_What is being asked_
Print the lines of the entries below from the one with "an image of damp on an arched ceiling" through the final line, exactly as they appear. The pictures are not part of the copy.

◇ ◇ ◇ ◇

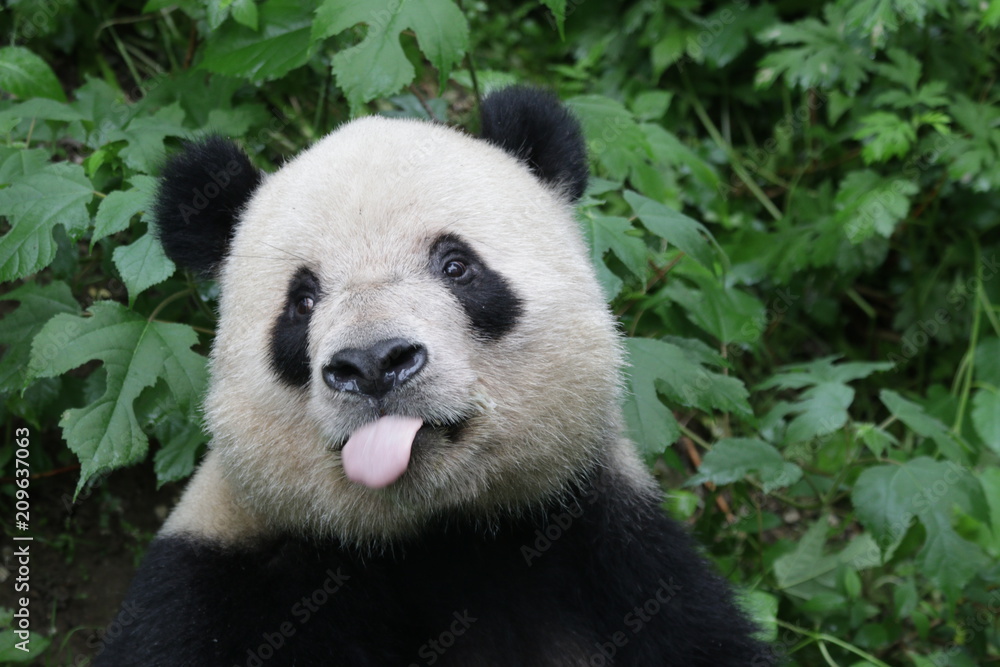 Obraz premium Funny Giant Panda is Pulling his Tongue out, Beijing , China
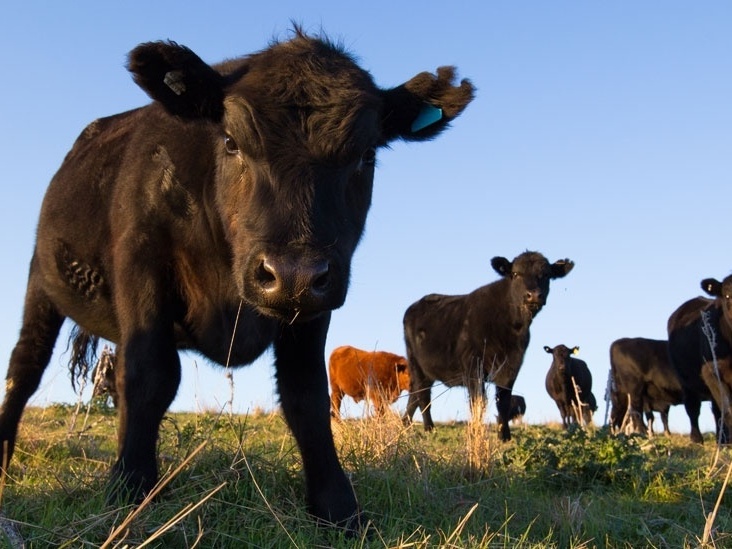 Brasil suspende exportações de carne bovina à China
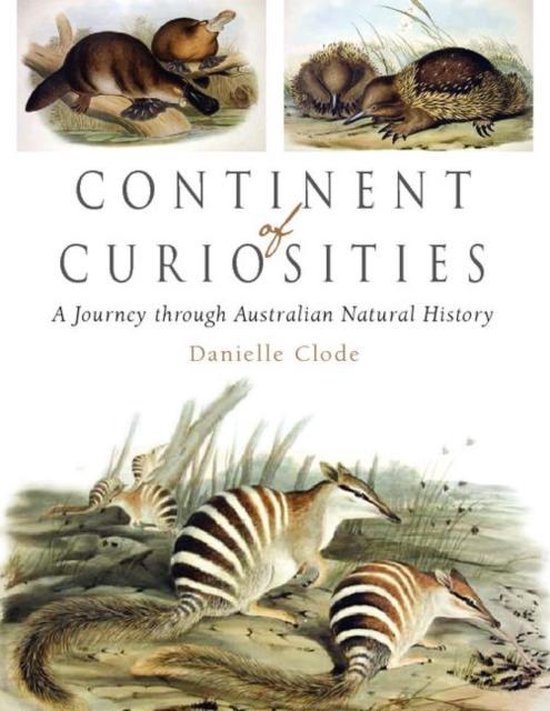 Continent Of Curiosities - cover
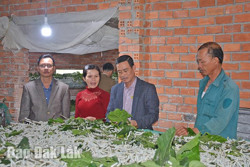 Huyện Krông Bông: Tạo sức hút đầu tư cho ngành nông nghiệp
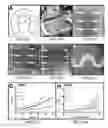 Fig. 15 - Hyperelastic binder for printed, stretchable electronics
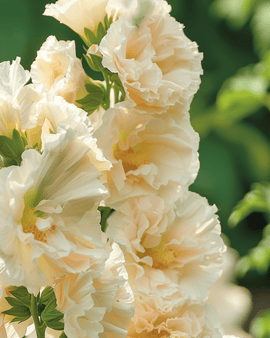 Semi di malva rosa Majorette Champagne Alcea rosea annuale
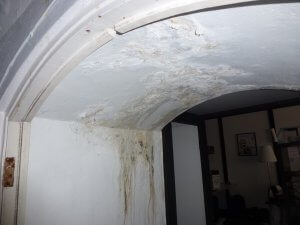 an image of damp on an arched ceiling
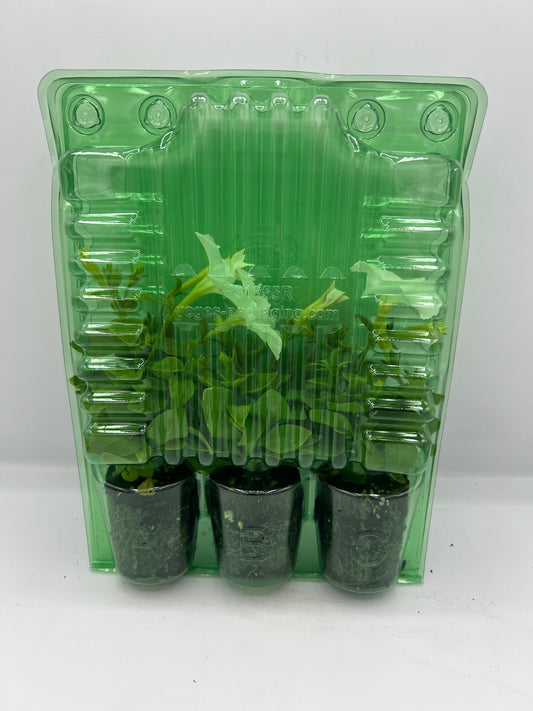 Firefly Petunia 45mm 3pk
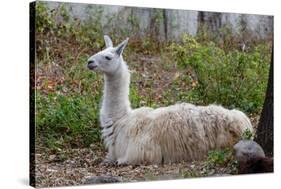 Llama-psvrusso-Stretched Canvas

◇ ◇ ◇ ◇

_Written answer_
 an image of damp on an arched ceiling
 Firefly Petunia 45mm 3pk
 Llama-psvrusso-Stretched Canvas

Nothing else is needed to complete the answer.